Druga połowa zaczęła się w najgorszy możliwy sposób – od utraty trzeciego gola, co prawdopodobnie przesądziło o losach spotkania i chociaż po faulu na Karolu Nowaku w polu karnym sędzie podyktował rzut karny, który lekkim precyzyjnym uderzeniem wykorzystał Stanisław Pruś, a następnie po podcięciu piłki nad bramkarzem gości bramkę kontaktową zdobył Karol Nowak (na blisko 10 minut przed końcem spotkania), to remis oddalił się po jednej z kontr rzeszowian i ustaleniu wyniku na 2:4. Warto dodać, że w pewnym momencie remis zdawał się być możliwy, jednak niestety – ta sztuka się nie udała. Stal miała też niezłe sytuacje do zdobycia większej liczby goli, jak na przykład strzał, po którym piłka odbiła się od słupka naszej bramki w drugiej połowie meczu.
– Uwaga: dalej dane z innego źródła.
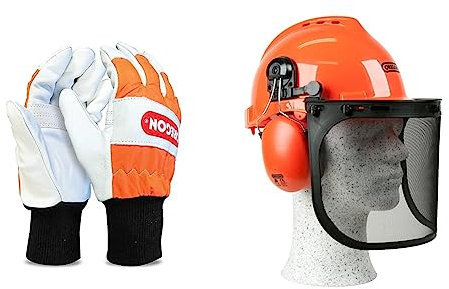 Oregon Chainsaw Gloves, Left-Hand Protection, PPE Clothing, Orange – Large (Size 10) (91305L) & Yukon Chainsaw Safety Helmet with Protective Ear Muff and Mesh Visor (562412), Black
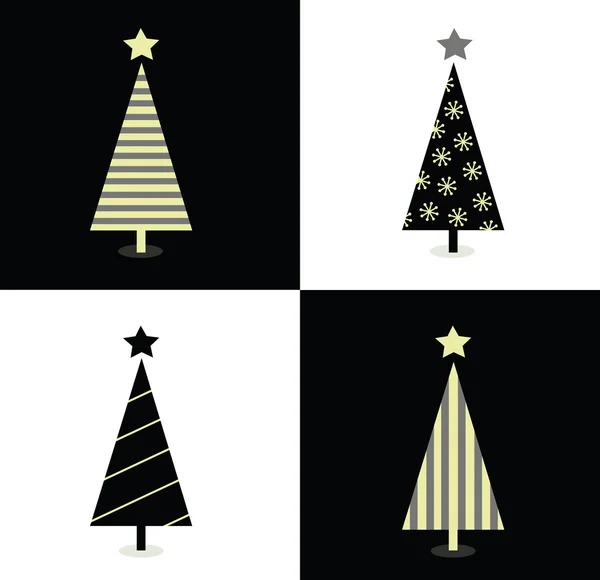 Czarno-białe drzewek na Boże Narodzenie — Wektor stockowy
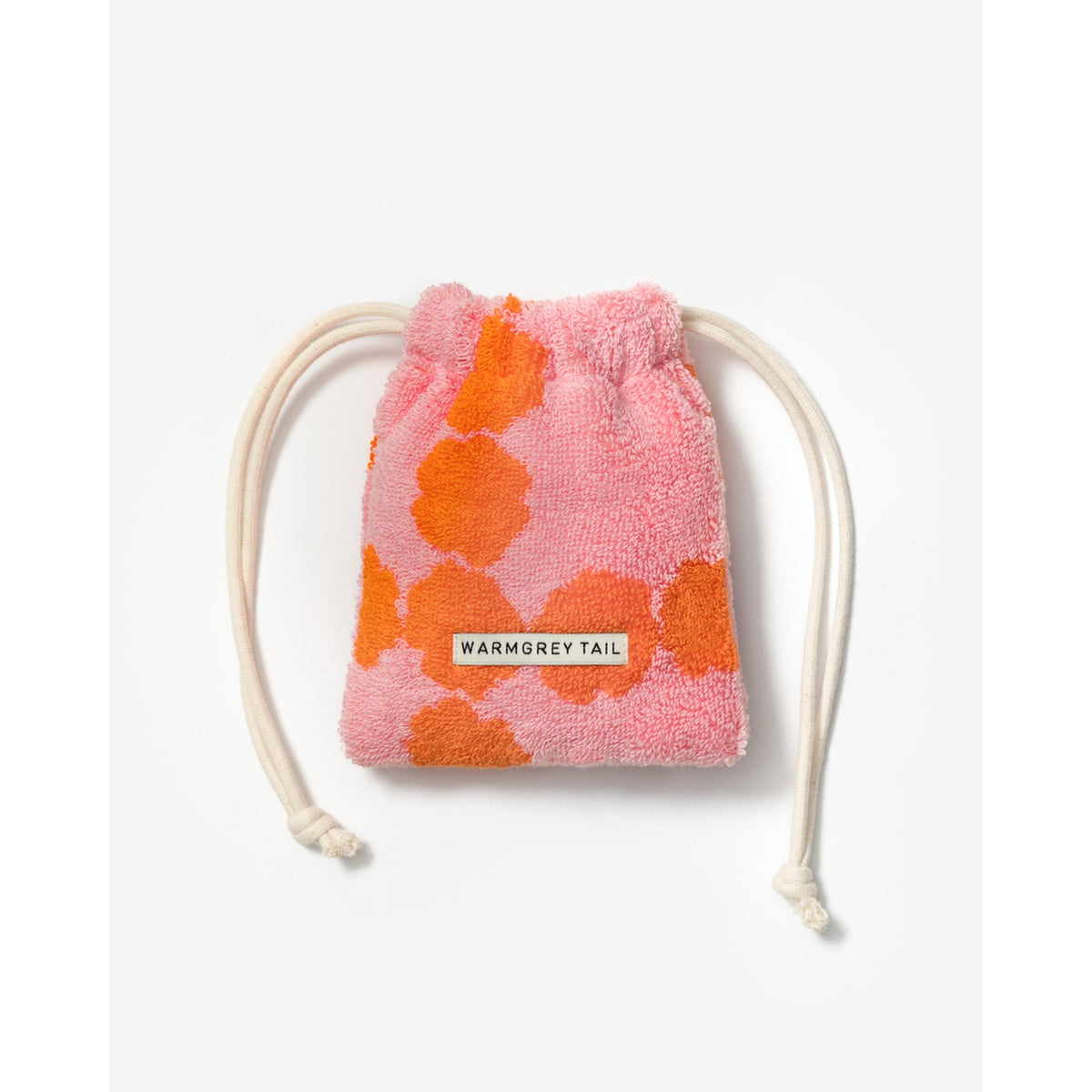 BLOSSOM CHECK TERRY POUCH - PINK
TG Sokół – Stal II Rzeszów 2:4 (0:2)
Bramki dla TG Sokół: S.Pruś (k.), K.Nowak
Skład TG Sokół: K.Dec, Ł.Dec (M.Darocha), D.Pietroński, D.Kozak, D.Węglowski, K.Kołodziej, K.Kozak, H.Kuca, D.Pieniek, S.Pruś, K.Nowak
tragedia i tyle.koszmar.
Chciałbym zapytać i oczekuję odpowiedzi!!!!! Pytam co dalej, co włodarze klubu mają zamiar uczynić z tą, chyba już żenującą,
sytuacją?
chyba nikt nie potrafi odpowiedzieć na to pytanie:(
tragedia w obronie, Węglowski jest tak słaby że szkoda słów. Krystian Dec też ma bardzo słaby start w bramce 3 bramki jego. Pieniek to dziad do potęgi, nie wraca się, zero zaangażowania, podania niecelne. MASAKRA
od Dominika się odwal, gdyby nie on to mecz zakończył by się jak w tyczynie. Nie oceniaj nikogo po jednym meczu! Wystarczy pójśc na kilka meczów i widać kto się angrzuje.
Np mecz w krzemienicy gdyby nie Węglowski byłoby z 10 do zera
A Ty z łaską pójdziesz na jeden mecz i dołujesz młodego.
akurat z jego strony poszły dwie pierwsze bramki, trzeba trzeźwo popatrzeć co się dzieje, a jestem prawie na każdym meczu.
a ja myślałem że bramkarz wypluł piłke
może na inne mecze chodzimy:)
ogólnie nie ma gry obronnej a to nie jest wina tylko obroncow.
To teraz ruch należy do zarządu.A ciekawe co trener na to?Bo z taką obroną to lecimy do A-klasy.
FAJNĄ ATMOSFERĘ MACIE W KLUBIE:)
Bylem wczoraj na meczu. Uwazam, ze nie zaslugujecie na to miejsce ktore macie w obecnej chwili. Ta druzyna ma charakter i potrafi grac w pilke. Wierze w Was Panowie. A trenera nie ma co zwalniac. Glowy do gory i jazda. Kibic Stali Rz.